#### How to complete this task:
What you return should be the complete data below, word for word, with no pictures in it.

#### Supplied information:
-*-

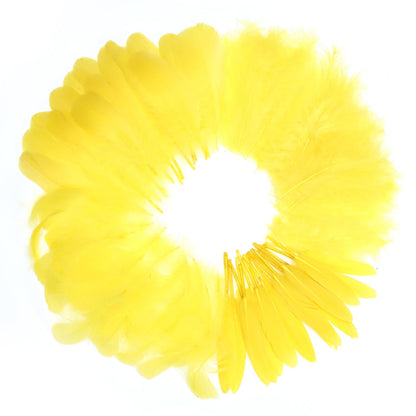 MWOOT 4 Styles Assorted Crafts Feathers (Yellow)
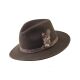 Lodenhut Jagdhut Classic mit Feder braun 58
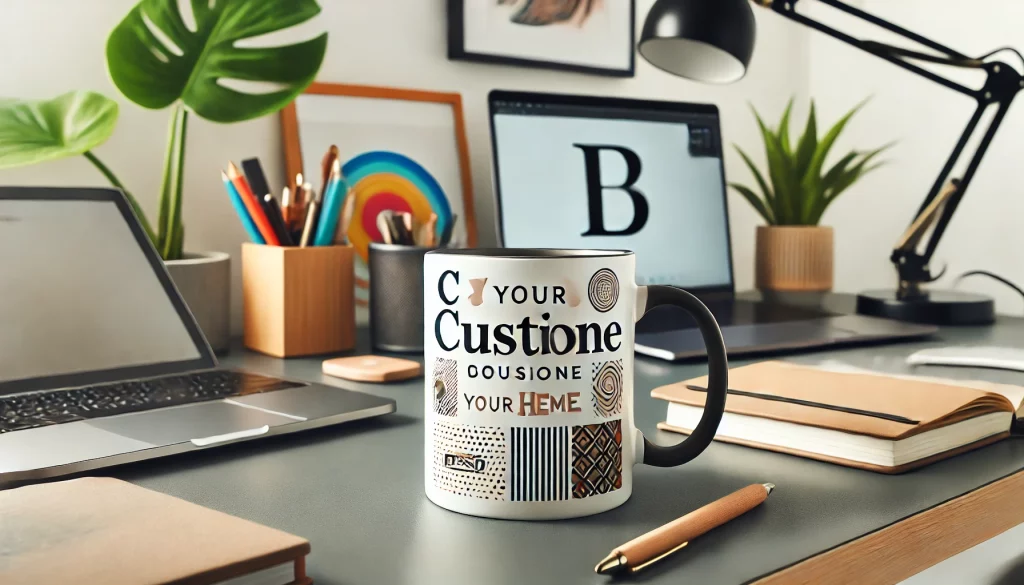 Desk With Personalized Mugs Ideas - 02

-*-

#### Solved exercise:
 MWOOT 4 Styles Assorted Crafts Feathers (Yellow)
 Lodenhut Jagdhut Classic mit Feder braun 58
 Desk With Personalized Mugs Ideas - 02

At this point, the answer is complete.